Сунув банкноты в свою муфточку, Софи наняла извозчика и велела отвезти себя в Медвежий переулок. Экипаж, который она остановила, не был ни первым, ни самым роскошным из проехавших мимо нее, зато управлял им кучер весьма располагающей наружности. Он был коренастым здоровяком средних лет с веселым румяным лицом, и Софи почувствовала, что может в некоторой степени довериться ему; эта мысль лишь окрепла при виде того, как он воспринял ее просьбу. Окинув ее внимательным взглядом и погладив подбородок рукой в кожаной перчатке, он высказал мнение, что она ошиблась адресом. На его взгляд, Медвежий переулок – не то место, куда хотела бы попасть такая высокородная, хотя и молодая, леди.

– Это район трущоб, вы хотите сказать? – осведомилась Софи.

– Это неподходящее место для молодой леди, – повторил извозчик, отказавшись подтвердить ее догадку. А потом добавил, что у него самого есть дочери, и попросил прощения за такую вольность.

– Что ж, трущобы или нет, но как раз туда мне и надо попасть, – заявила Софи. – У меня дело к мистеру Голдхэнгеру, большому мошеннику, как мне представляется; а вы выглядите как человек, который не уедет оттуда, бросив меня одну.

Она села в фиакр; кучер захлопнул за ней дверцу, взобрался на облучок и, выразив желание провалиться на этом самом месте, если ему когда-либо приходилось иметь дело с чем-либо подобным, тронул лошадь с места.

Медвежий переулок, расположенный к востоку от Флит-Маркет, оказался узенькой и дурно пахнущей улочкой, усыпанной всевозможными отбросами, валяющимися прямо на неровных камнях мостовой. Казалось, над всем районом нависла угрюмая тень огромной тюрьмы, и даже люди, бредущие по улицам или сидящие на порогах своих домов, выглядели подавленными и унылыми, что нельзя было объяснить только тяжкими жизненными обстоятельствами. Возница спросил у мужчины в грязном кашне, не знает ли тот, где обитает мистер Голдхэнгер. Ему указали на дом посреди улочки, причем прохожий явно заколебался, прежде чем ответить, и не захотел продолжать разговор.

Потрепанный фиакр, бывший некогда каретой джентльмена, не привлек особого внимания, но когда он остановился и из него вышла высокая, хорошо одетая молодая леди, одной рукой придерживая юбки, чтобы не запачкать их о кучи мусора, несколько зевак и двое маленьких чумазых мальчишек приблизились и принялись глазеть на нее.

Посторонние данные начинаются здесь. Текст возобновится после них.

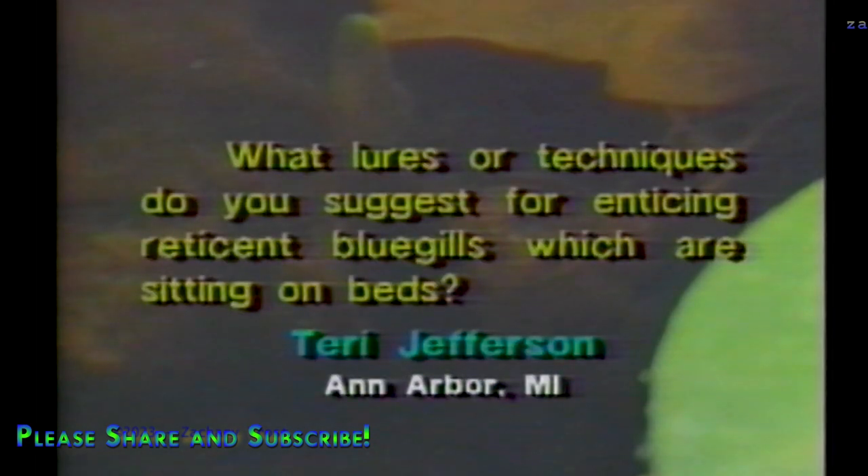We get quite a few letters from frustrated anglers, like this one from Terry Jefferson from Ann Arbor, who writes: what lures or techniques do you suggest for enticing reticent bluegills sitting on beds? Fish strike either from hunger or from aggravation. If a fish is hungry but won't strike, try using lighter line or smaller baits so it'll drift in more naturally. An aggravated bluegill will attack a lure and blow it out its mouth rather than taking it in — you'll have to be fast to hook those. If they won't strike at all, work some other beds and come back in a few hours.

Послышалось несколько сочных комментариев, которые, к счастью, содержали совершенно незнакомые Софи выражения. Ей довелось бывать в слишком многих бедных испанских и португальских деревушках, чтобы она обеспокоилась тем вниманием, которое привлекла к себе, и, окинув критических взором свою аудиторию, она поманила одного из мальчишек и с улыбкой обратилась к нему:

– Скажи-ка мне, здесь живет человек по имени Голдхэнгер?

Сорванец во все глаза уставился на нее, но когда она протянула ему шиллинг, поперхнулся и, вытянув грязную ручонку, похожую на цыплячью лапку, пискнул:

– Второй этаж! – Схватив монету, он бросился наутек прежде, чем взрослые успели отобрать ее.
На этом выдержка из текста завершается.